The "Sequenzas" require an ideally balanced ensemble of superlatively talented soloists. While Mobtown Modern's lineup was not exactly that, there were many excellent performances, from soprano Julieanne Klein's flirtatiously manic scena in Sequenza III to the coolly virtuosic stream of notes in violinist Gabriela Diaz's Sequenza VIII. Particular high points were hit by oboist Emily Madsen in the "formal study on repetition" of Sequenza VIIa, with the held note (the score specifies it can be played "by any other instrument" offstage) bleated mercilessly by an electronic tuner, a wry reference to the oboe's role in tuning the orchestra, as well as by saxophonist and series co-curator Brian Sacawa (Sequenza IXb) and accordionist Lidia Kaminska (Sequenza XIII).

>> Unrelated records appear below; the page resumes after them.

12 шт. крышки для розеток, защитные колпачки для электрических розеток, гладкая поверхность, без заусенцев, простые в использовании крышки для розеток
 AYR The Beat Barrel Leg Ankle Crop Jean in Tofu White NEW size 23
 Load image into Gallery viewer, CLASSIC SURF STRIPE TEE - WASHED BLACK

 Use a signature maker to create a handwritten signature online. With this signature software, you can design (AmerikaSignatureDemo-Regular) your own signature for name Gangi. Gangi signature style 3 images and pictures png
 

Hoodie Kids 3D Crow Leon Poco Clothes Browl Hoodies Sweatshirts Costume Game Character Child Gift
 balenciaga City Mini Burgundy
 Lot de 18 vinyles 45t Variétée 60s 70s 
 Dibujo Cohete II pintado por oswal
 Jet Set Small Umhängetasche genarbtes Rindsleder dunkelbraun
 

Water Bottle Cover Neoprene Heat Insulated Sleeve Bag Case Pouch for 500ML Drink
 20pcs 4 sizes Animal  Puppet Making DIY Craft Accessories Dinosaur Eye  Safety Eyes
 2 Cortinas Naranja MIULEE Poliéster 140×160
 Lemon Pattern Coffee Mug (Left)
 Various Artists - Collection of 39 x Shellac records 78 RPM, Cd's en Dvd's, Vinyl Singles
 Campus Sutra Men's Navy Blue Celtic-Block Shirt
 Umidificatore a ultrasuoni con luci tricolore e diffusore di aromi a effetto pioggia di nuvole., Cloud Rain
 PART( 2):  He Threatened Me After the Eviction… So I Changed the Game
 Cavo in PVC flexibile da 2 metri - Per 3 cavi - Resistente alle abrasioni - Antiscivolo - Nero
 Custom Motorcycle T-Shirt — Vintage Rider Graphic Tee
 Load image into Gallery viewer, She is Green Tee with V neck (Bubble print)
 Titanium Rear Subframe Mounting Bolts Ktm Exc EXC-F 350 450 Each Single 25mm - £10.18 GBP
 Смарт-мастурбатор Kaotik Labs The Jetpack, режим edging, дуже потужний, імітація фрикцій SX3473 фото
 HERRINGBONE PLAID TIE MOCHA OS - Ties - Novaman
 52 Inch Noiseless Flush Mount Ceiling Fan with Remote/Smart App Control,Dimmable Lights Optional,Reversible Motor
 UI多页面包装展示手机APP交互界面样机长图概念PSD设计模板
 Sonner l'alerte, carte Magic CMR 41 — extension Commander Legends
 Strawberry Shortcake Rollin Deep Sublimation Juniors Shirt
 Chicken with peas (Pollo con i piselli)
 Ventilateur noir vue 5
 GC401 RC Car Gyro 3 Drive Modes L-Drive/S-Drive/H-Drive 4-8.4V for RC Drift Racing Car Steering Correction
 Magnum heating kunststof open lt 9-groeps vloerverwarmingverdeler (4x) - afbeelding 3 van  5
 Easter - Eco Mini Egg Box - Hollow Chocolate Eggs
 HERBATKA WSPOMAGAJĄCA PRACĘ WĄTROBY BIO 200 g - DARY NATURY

Recordings of the "Sequenzas" may have better all-around performances, but many of the unexpected polyphonic effects Berio calls for, sonically fragile overtones, are best appreciated live, akin to seeing a blue morpho in the Brazilian forest as opposed to mounted in a museum display case. It was a shame not to have a piano on hand, which left large, silent lacunae in Sequenza X, where the trumpet is supposed to trigger overtone resonances in an otherwise silent piano.